## Data listing
● ● ● ●
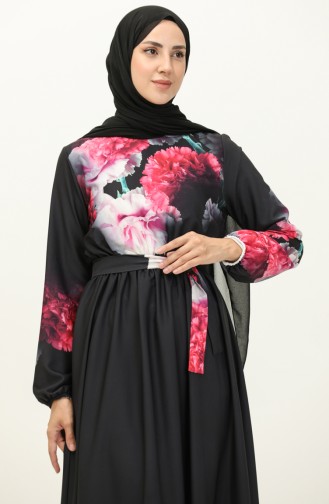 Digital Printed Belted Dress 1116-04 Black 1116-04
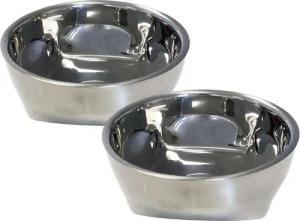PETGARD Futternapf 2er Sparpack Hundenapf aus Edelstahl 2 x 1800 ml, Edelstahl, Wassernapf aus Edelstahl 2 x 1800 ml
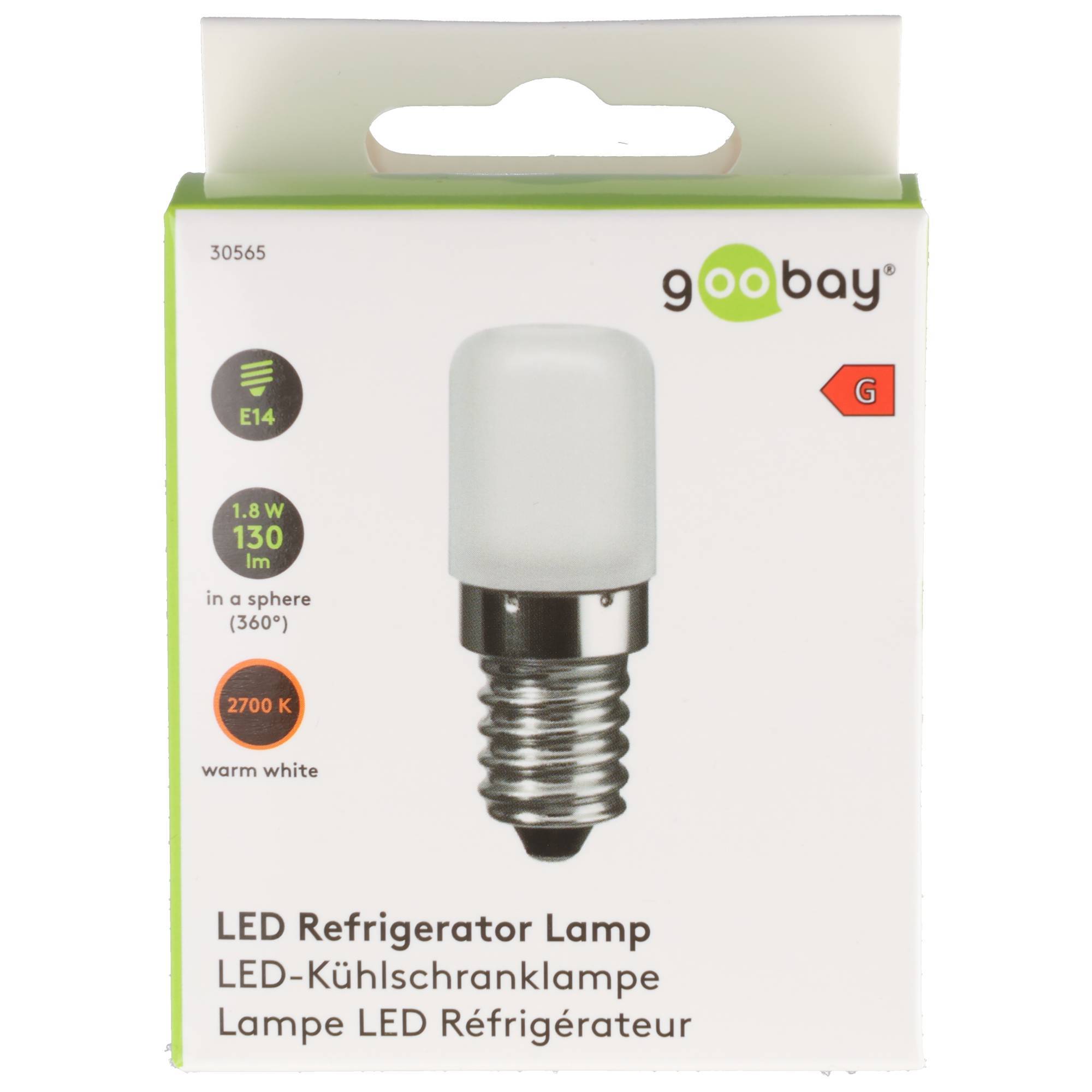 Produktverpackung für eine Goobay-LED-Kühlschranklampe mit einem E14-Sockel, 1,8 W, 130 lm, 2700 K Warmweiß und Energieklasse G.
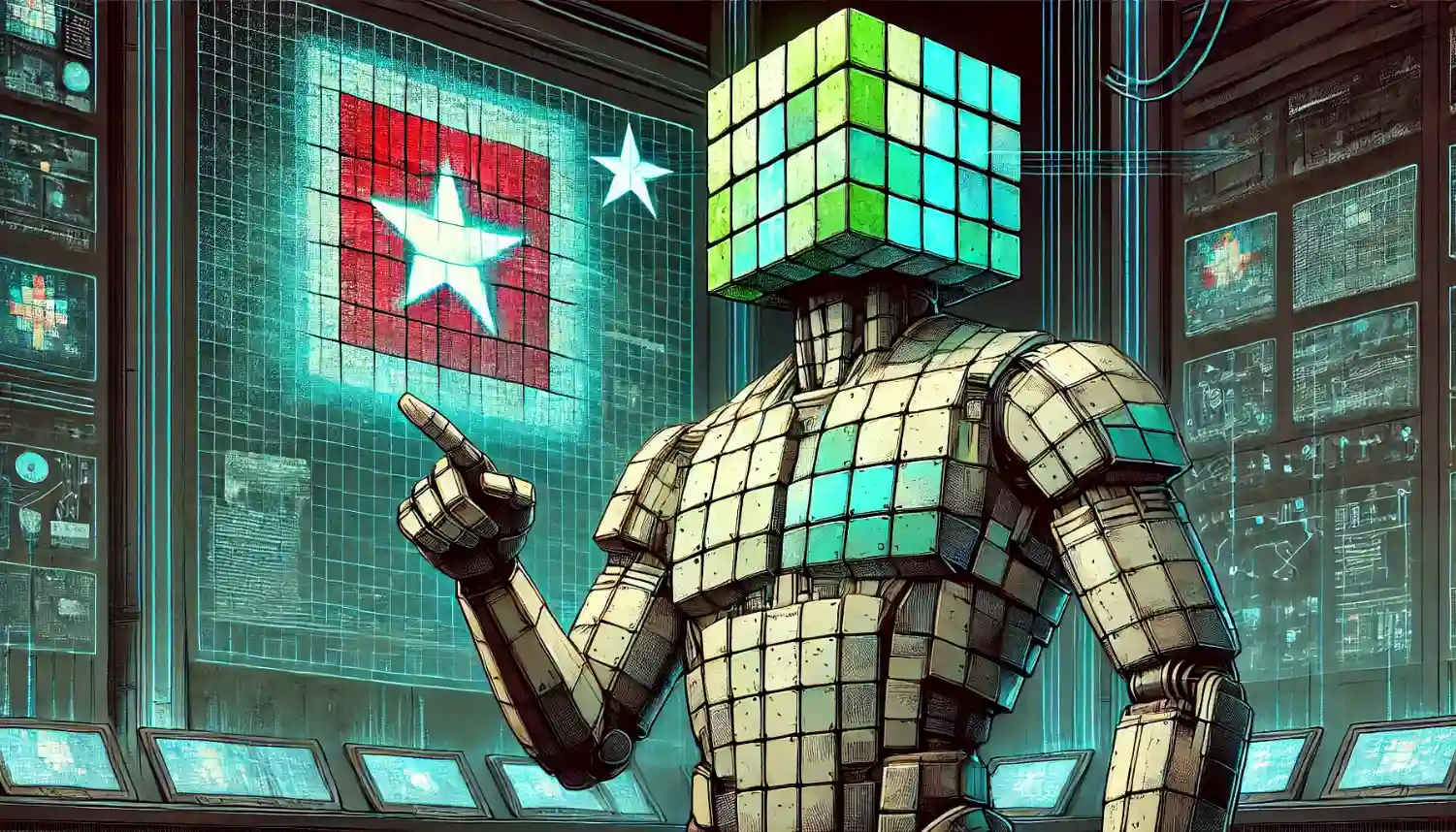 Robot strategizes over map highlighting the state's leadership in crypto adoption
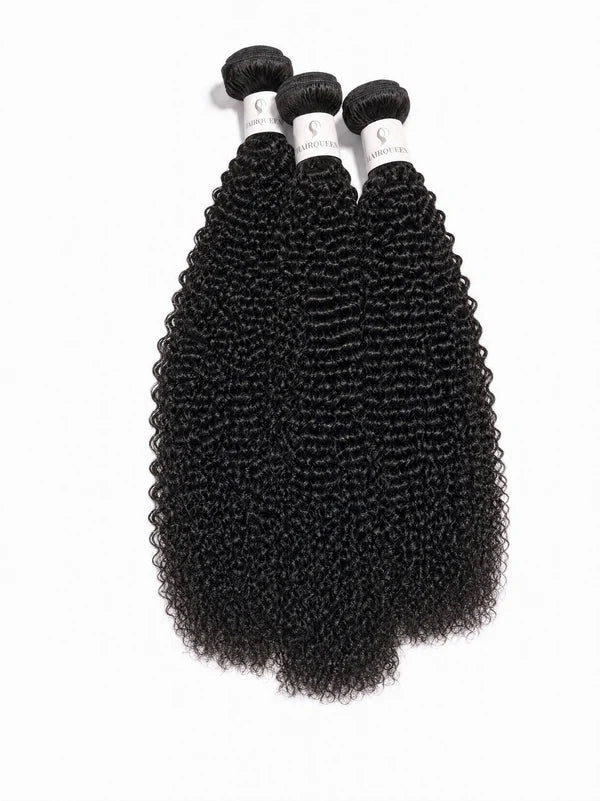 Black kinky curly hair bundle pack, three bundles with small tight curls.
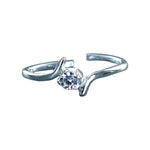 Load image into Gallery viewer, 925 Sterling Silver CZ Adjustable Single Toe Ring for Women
● ● ● ●
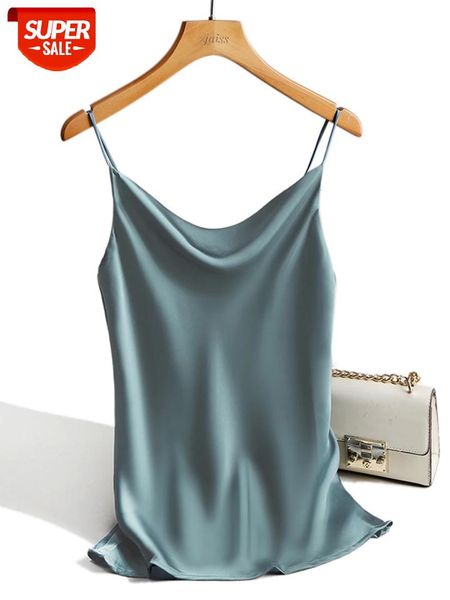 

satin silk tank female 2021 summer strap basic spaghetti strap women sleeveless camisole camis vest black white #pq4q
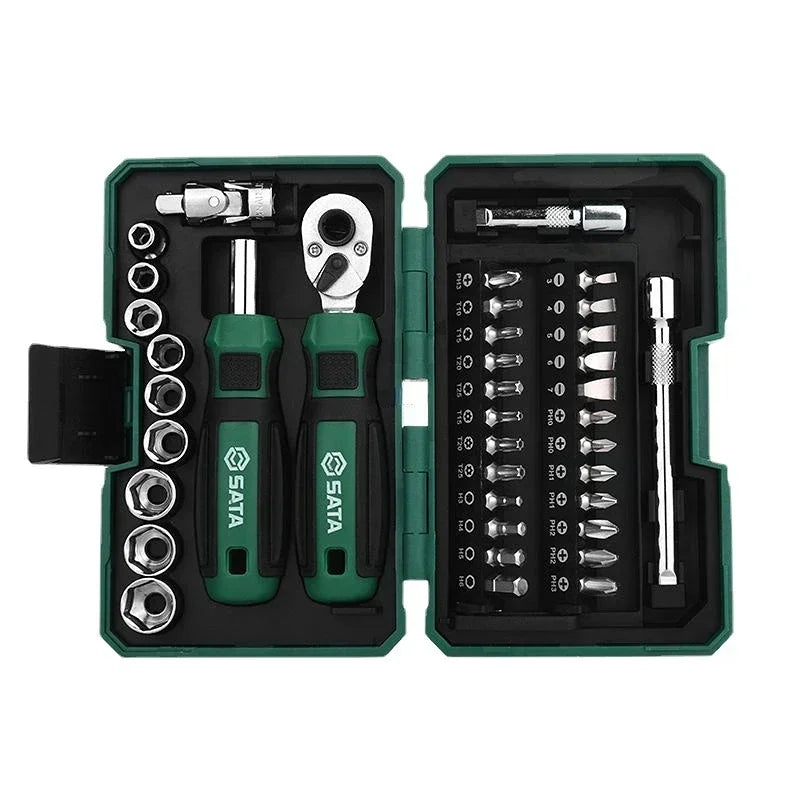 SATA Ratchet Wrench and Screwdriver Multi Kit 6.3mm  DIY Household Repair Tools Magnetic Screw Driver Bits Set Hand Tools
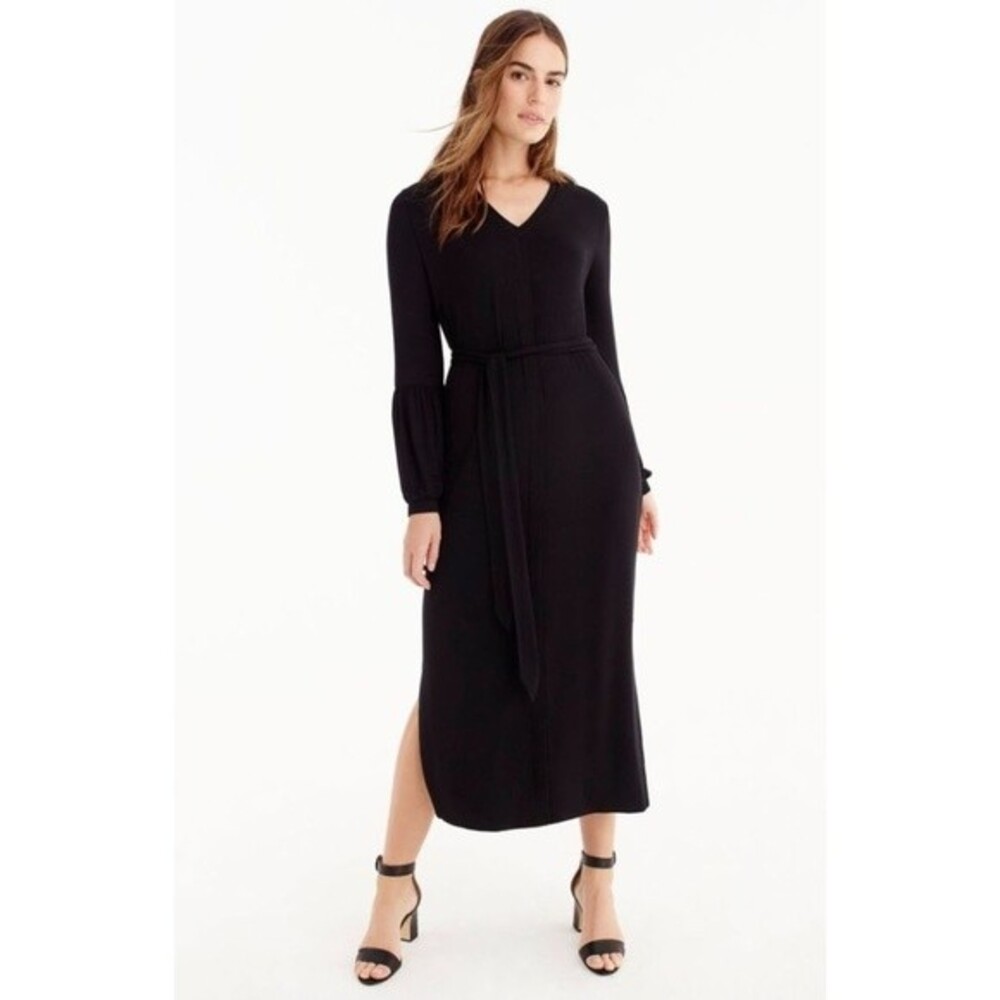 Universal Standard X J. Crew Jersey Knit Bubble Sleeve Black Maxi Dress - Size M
● ● ● ●
Repeat exactly, and only, the entries from the line with "Black kinky curly" through the line with "Load image into". Pictures are skipped.

## Task response
 Black kinky curly hair bundle pack, three bundles with small tight curls.
 Load image into Gallery viewer, 925 Sterling Silver CZ Adjustable Single Toe Ring for Women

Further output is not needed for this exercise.